* TASK DIRECTIONS
Only lines with the word "Skoda" belong in the answer; copy them from the records below.

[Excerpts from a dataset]
——————

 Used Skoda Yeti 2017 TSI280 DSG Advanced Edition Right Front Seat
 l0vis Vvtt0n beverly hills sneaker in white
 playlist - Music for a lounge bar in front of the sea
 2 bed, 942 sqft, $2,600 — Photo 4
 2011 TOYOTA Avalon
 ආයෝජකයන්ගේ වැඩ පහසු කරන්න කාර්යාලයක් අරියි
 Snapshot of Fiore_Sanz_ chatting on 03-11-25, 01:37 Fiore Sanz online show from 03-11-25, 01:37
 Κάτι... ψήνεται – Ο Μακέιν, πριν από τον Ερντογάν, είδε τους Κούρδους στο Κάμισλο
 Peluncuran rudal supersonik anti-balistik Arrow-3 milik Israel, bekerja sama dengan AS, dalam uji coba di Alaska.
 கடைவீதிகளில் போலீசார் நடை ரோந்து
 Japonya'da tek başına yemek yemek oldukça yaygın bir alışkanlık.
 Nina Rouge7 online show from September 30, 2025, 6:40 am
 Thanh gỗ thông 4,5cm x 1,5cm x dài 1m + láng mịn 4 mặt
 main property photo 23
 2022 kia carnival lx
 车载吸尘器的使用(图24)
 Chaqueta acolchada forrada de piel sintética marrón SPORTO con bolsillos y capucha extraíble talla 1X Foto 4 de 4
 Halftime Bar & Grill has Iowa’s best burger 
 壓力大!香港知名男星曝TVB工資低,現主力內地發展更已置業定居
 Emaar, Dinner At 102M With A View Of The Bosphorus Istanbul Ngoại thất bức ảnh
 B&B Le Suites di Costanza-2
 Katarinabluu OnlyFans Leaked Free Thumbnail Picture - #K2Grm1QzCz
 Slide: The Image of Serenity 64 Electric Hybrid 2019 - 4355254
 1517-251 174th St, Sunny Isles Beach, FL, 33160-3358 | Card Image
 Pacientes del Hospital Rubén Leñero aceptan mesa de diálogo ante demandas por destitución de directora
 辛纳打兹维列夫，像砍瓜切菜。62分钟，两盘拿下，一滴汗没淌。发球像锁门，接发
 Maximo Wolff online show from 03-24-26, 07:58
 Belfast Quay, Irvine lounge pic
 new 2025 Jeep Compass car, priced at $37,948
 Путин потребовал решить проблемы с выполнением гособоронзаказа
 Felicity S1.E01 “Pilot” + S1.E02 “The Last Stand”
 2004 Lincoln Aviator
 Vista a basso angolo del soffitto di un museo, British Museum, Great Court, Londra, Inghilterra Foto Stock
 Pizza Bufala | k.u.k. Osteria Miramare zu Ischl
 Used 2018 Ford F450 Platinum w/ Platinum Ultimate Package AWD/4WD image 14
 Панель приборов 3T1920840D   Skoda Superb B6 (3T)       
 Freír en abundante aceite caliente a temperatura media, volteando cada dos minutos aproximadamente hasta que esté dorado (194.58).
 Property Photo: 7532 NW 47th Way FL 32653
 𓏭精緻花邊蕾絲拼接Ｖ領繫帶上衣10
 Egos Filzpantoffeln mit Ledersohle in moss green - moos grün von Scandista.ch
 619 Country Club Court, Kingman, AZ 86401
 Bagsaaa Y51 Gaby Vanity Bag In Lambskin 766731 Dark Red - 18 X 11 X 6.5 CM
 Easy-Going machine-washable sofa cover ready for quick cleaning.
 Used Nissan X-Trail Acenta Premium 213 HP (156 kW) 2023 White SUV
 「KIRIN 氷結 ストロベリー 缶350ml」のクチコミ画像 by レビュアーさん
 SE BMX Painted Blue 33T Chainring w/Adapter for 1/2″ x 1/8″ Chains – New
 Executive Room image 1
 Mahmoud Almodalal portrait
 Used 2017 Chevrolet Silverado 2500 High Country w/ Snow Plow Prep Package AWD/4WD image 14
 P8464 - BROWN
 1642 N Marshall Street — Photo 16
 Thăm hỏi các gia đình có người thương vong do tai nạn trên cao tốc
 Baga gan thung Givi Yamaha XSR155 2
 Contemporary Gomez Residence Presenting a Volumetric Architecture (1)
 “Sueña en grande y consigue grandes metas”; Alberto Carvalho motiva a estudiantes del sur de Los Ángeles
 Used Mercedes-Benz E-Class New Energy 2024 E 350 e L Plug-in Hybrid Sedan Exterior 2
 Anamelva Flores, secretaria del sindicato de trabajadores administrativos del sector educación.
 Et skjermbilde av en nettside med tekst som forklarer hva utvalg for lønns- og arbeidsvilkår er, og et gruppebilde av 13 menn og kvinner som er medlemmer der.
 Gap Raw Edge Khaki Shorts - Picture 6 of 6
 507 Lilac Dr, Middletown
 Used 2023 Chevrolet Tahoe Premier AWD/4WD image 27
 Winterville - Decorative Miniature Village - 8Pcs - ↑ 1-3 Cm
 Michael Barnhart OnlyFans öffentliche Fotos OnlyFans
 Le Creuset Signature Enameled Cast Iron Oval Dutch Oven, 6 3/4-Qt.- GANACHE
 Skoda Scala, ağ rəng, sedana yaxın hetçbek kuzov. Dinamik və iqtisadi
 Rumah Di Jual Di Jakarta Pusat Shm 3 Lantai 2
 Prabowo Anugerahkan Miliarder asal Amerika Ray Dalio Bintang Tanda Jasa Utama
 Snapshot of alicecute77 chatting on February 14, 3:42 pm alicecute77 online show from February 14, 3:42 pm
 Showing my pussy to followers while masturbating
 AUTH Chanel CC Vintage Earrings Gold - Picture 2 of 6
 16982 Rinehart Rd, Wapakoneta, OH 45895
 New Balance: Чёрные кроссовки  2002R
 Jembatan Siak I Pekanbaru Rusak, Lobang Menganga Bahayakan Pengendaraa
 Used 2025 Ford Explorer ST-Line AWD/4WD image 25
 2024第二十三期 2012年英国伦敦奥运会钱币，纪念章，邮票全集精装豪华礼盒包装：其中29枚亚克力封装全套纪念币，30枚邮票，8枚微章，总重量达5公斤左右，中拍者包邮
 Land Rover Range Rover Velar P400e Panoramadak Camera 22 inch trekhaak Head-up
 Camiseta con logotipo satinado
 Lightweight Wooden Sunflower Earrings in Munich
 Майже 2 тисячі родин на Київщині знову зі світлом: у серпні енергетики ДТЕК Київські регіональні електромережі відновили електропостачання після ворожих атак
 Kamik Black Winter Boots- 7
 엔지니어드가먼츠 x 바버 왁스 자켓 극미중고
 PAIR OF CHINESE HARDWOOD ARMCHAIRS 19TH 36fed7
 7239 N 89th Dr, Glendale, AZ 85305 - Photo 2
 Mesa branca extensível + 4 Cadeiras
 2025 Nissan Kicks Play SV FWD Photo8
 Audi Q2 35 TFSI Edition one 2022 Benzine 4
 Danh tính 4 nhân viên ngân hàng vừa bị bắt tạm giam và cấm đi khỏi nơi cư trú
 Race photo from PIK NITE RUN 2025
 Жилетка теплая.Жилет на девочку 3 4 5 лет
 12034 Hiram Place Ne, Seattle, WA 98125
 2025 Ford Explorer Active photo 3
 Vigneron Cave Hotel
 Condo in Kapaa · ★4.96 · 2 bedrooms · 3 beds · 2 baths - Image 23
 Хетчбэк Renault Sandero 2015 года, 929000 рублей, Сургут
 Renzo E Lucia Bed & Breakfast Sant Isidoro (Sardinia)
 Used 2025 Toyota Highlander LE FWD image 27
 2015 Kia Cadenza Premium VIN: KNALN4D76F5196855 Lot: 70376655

——————

* WRITTEN SOLUTION
 Used Skoda Yeti 2017 TSI280 DSG Advanced Edition Right Front Seat
 Панель приборов 3T1920840D   Skoda Superb B6 (3T)       
 Skoda Scala, ağ rəng, sedana yaxın hetçbek kuzov. Dinamik və iqtisadi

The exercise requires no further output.